Instructions to follow » Return each line of the data that follows exactly as it reads.

Information »
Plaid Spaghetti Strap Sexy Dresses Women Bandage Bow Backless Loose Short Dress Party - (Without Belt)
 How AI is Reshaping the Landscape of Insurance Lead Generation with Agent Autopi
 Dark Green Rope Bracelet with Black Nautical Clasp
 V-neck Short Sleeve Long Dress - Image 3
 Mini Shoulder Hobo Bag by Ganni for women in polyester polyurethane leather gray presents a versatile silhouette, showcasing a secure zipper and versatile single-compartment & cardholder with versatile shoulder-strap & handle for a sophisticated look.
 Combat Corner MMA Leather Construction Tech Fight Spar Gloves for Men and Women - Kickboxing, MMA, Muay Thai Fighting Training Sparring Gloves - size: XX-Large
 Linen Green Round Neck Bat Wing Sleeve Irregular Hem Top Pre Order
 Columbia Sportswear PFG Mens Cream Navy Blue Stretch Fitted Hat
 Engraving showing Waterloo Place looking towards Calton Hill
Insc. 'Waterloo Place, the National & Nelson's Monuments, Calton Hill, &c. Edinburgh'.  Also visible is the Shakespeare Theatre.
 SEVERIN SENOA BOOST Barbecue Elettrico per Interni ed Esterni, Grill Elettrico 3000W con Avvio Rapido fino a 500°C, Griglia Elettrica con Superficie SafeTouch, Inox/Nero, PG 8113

Answer to the problem »
Plaid Spaghetti Strap Sexy Dresses Women Bandage Bow Backless Loose Short Dress Party - (Without Belt)
 How AI is Reshaping the Landscape of Insurance Lead Generation with Agent Autopi
 Dark Green Rope Bracelet with Black Nautical Clasp
 V-neck Short Sleeve Long Dress - Image 3
 Mini Shoulder Hobo Bag by Ganni for women in polyester polyurethane leather gray presents a versatile silhouette, showcasing a secure zipper and versatile single-compartment & cardholder with versatile shoulder-strap & handle for a sophisticated look.
 Combat Corner MMA Leather Construction Tech Fight Spar Gloves for Men and Women - Kickboxing, MMA, Muay Thai Fighting Training Sparring Gloves - size: XX-Large
 Linen Green Round Neck Bat Wing Sleeve Irregular Hem Top Pre Order
 Columbia Sportswear PFG Mens Cream Navy Blue Stretch Fitted Hat
 Engraving showing Waterloo Place looking towards Calton Hill
Insc. 'Waterloo Place, the National & Nelson's Monuments, Calton Hill, &c. Edinburgh'.  Also visible is the Shakespeare Theatre.
 SEVERIN SENOA BOOST Barbecue Elettrico per Interni ed Esterni, Grill Elettrico 3000W con Avvio Rapido fino a 500°C, Griglia Elettrica con Superficie SafeTouch, Inox/Nero, PG 8113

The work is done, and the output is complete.